(Records excerpted from a collection)
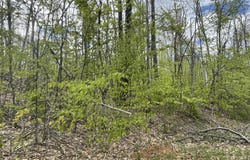 990-994 Arawak Pass, Gaylord, MI 49735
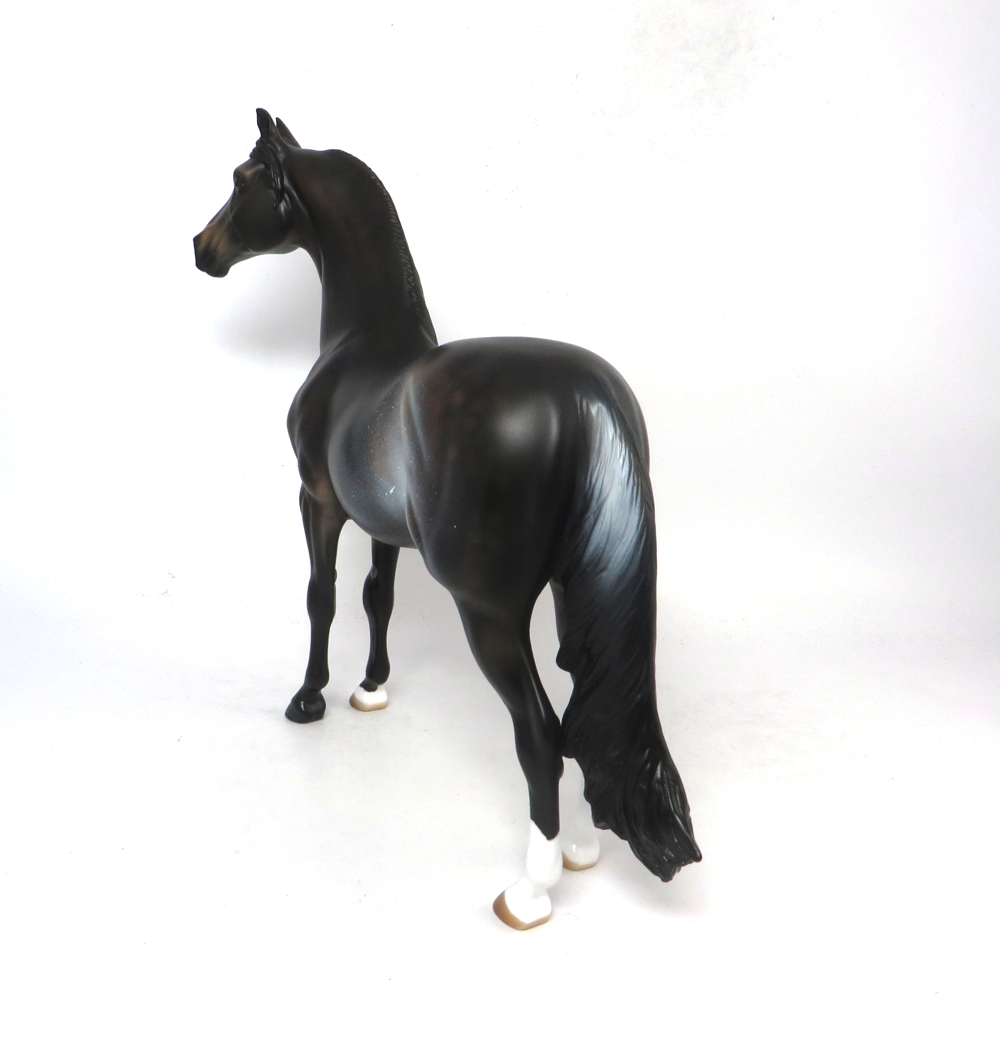 WINGERS- LE-3 DARK BAY RABICANO MORGAN BY AUDREY DIXON SB19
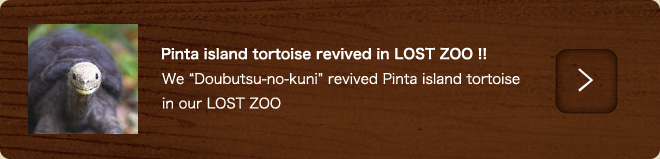 Pinta island tortoise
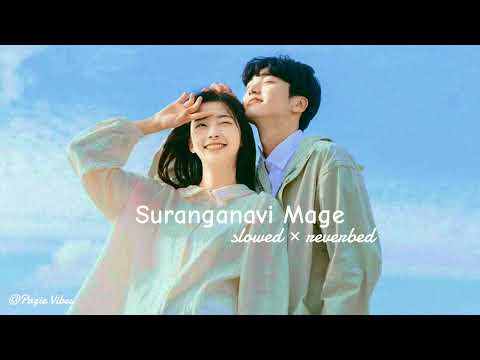Suranganavi Mage | සුරංගනාවී මගේ ( slowed×reverbed ) @Pazie2005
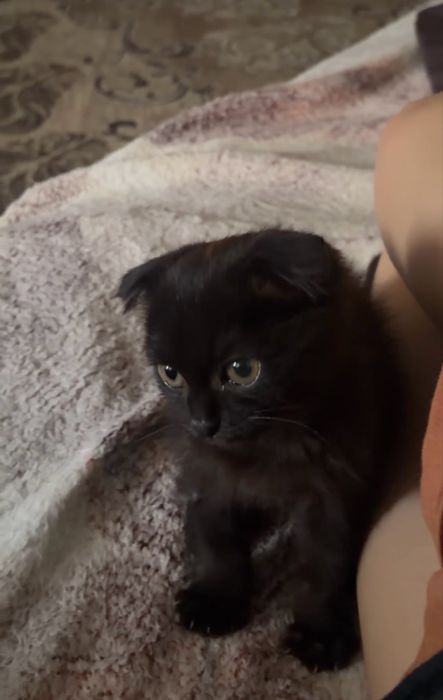 отдам котенка в добрые руки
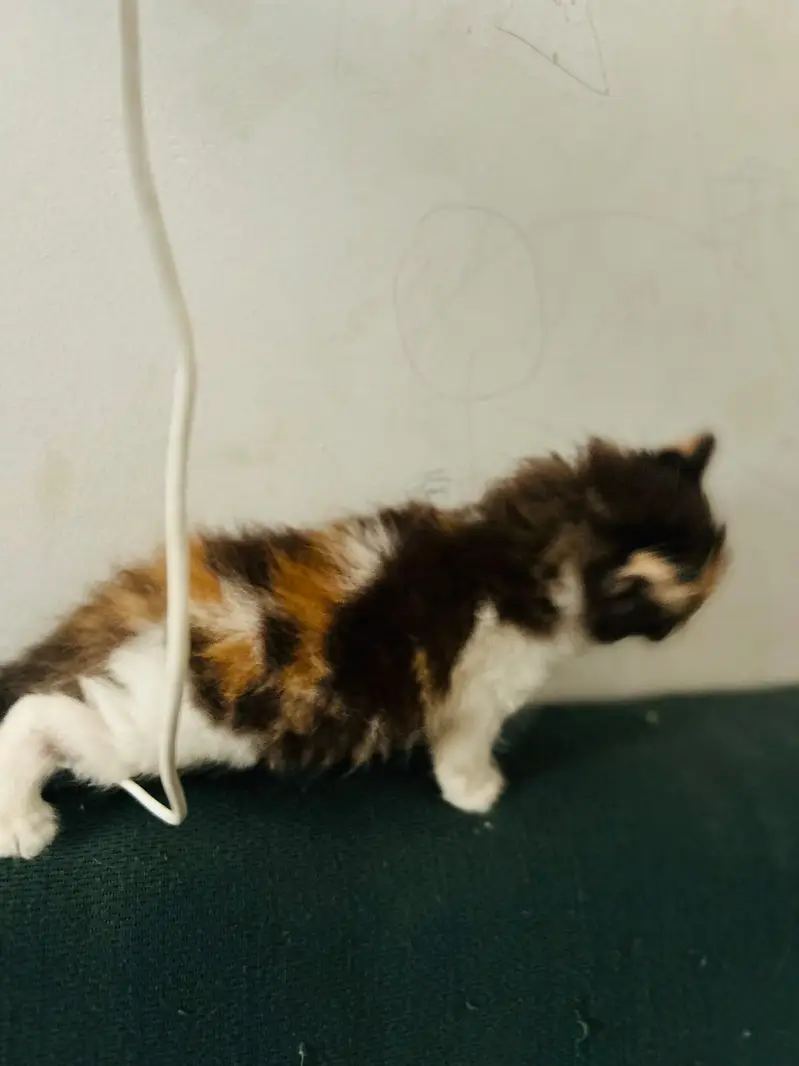 Male and female active kittens — photo 3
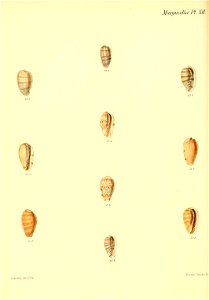 n95_w1150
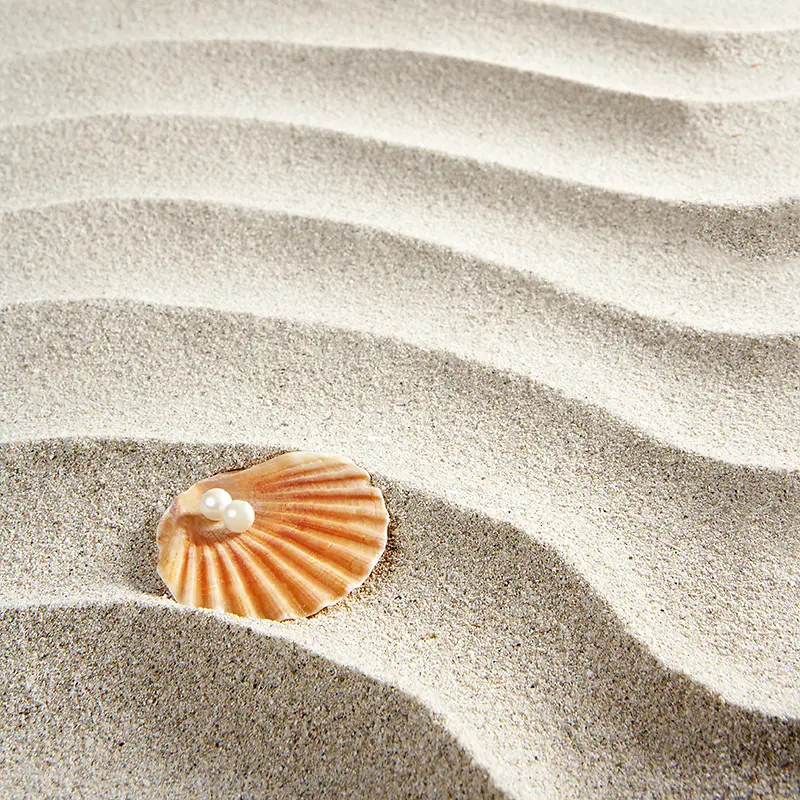 沙滩贝壳背景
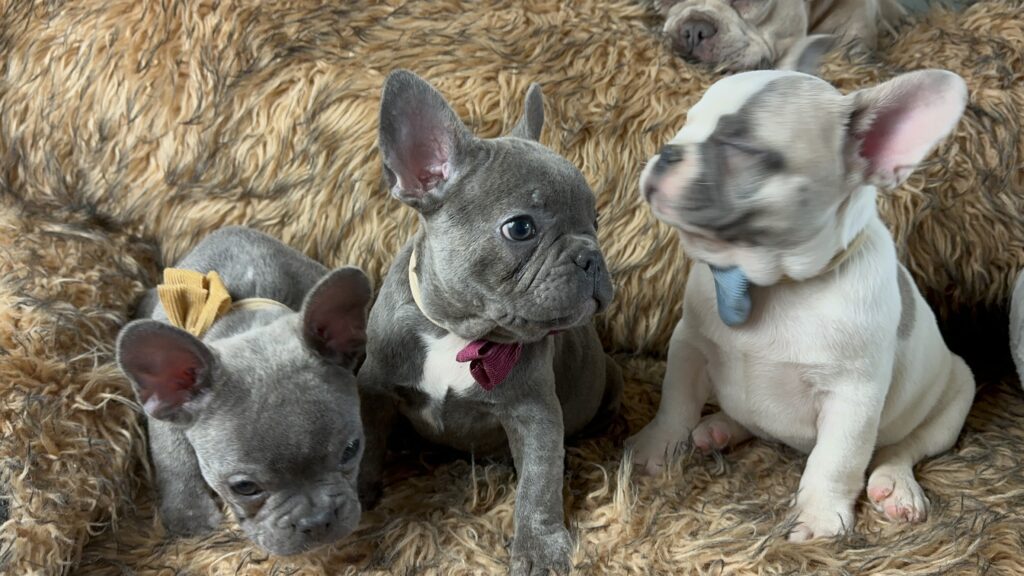 Ultra | Blue French Bulldog Male | Born July 2nd, 2023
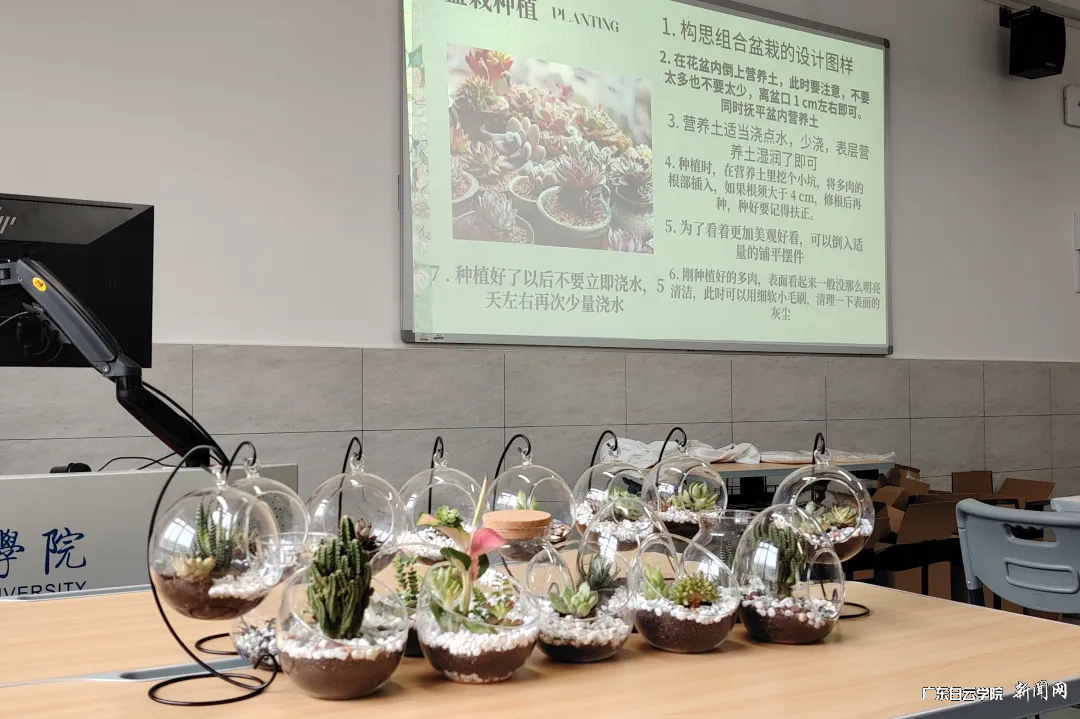 图片 3.png 图片 3.png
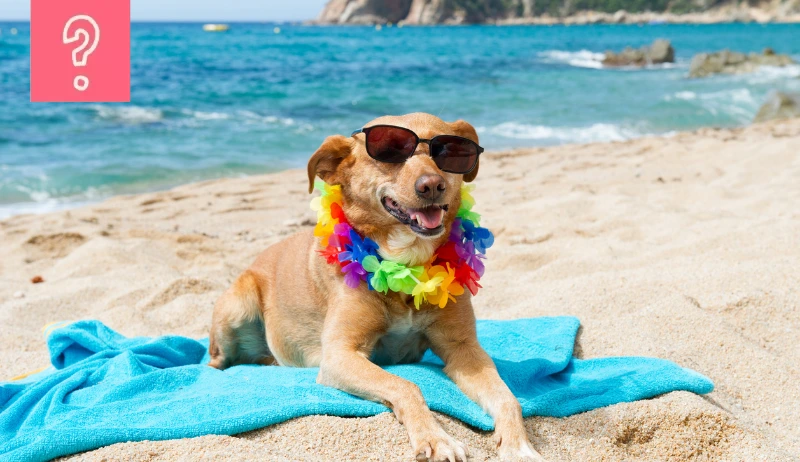 17 consejos y cuidados para refrescar a tu perro en verano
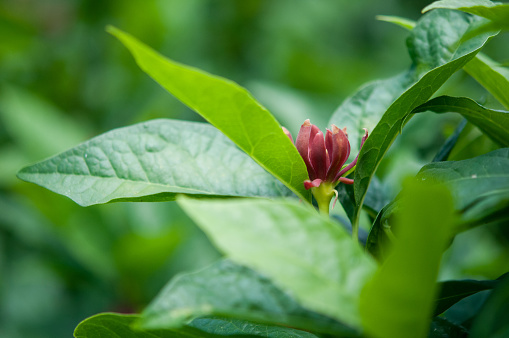 Close-up of green leaves and one single flower of a Sweetshrub in a garden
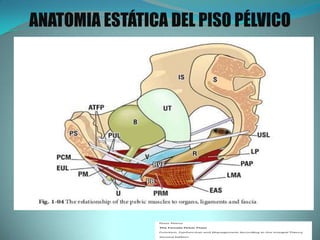 ANATOMIA ESTÁTICA DEL PISO PÉLVICO
 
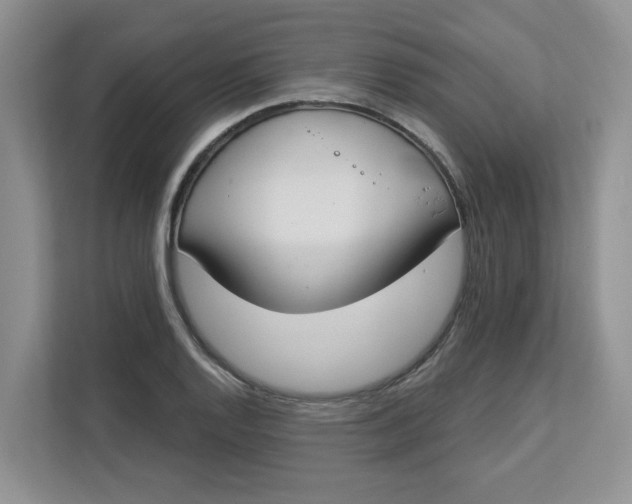 X0000112841128200909041517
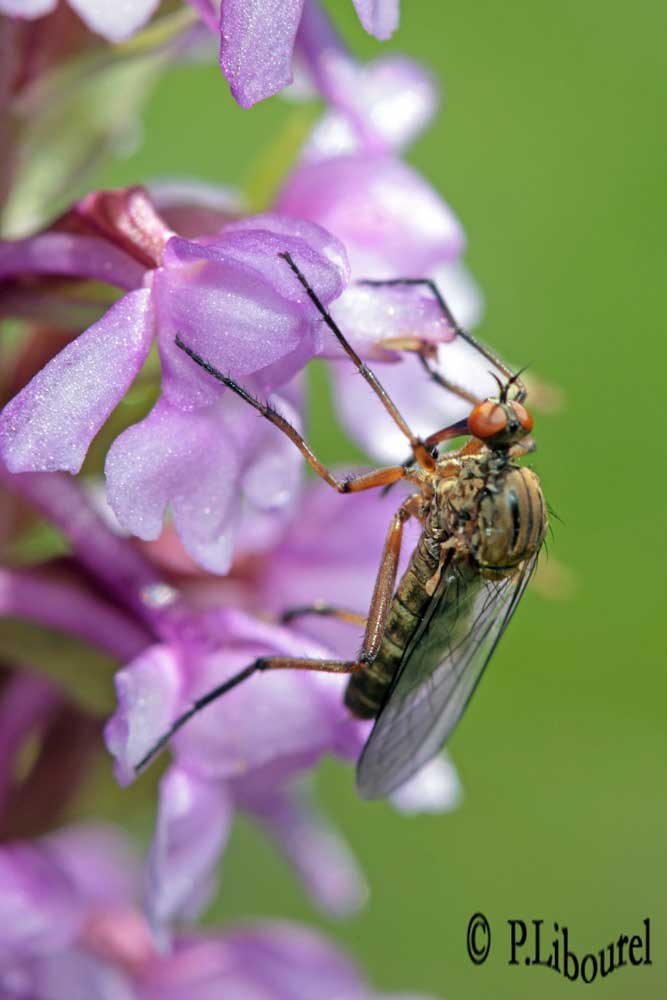 Empis livida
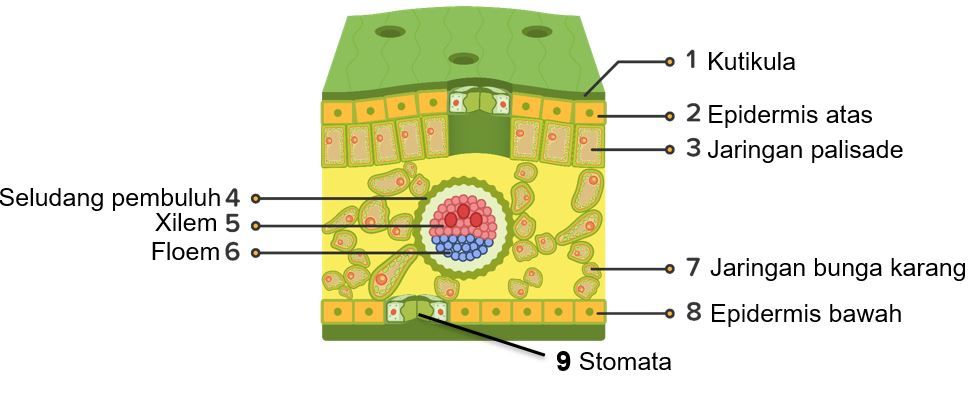 Download Gambar Daun Dikotil Nomer 36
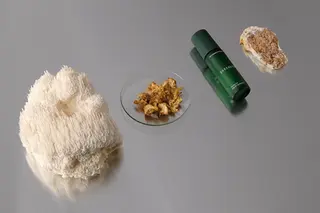 La firma de skincare que cultiva sus propios ingredientes en una granja vertical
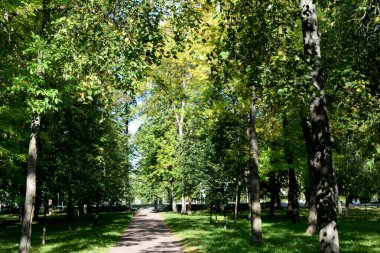 Parkta sonbahar günü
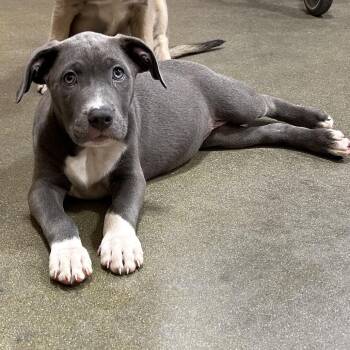 Cinder TN -  American Bulldog Dog for Adoption in Poinciana, Florida - Cinder TN | PetCurious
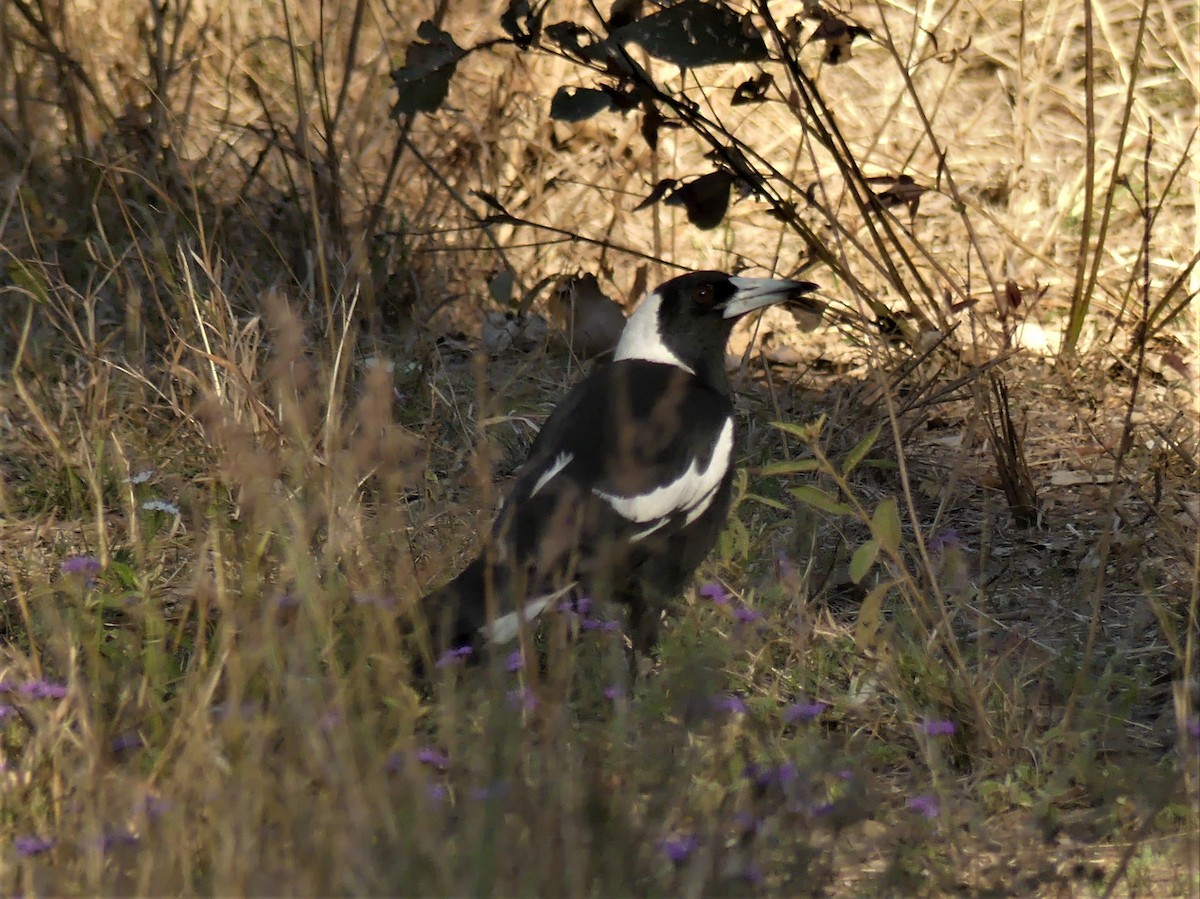 Australian Magpie - Andrew Sides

◆ **Task brief**
Output exactly the lines from the one containing "Empis livida" through the last line of the records above, both included, and leave out the pictures.

◆ **Reply to the exercise**
 Empis livida
 Download Gambar Daun Dikotil Nomer 36
 La firma de skincare que cultiva sus propios ingredientes en una granja vertical
 Parkta sonbahar günü
 Cinder TN -  American Bulldog Dog for Adoption in Poinciana, Florida - Cinder TN | PetCurious
 Australian Magpie - Andrew Sides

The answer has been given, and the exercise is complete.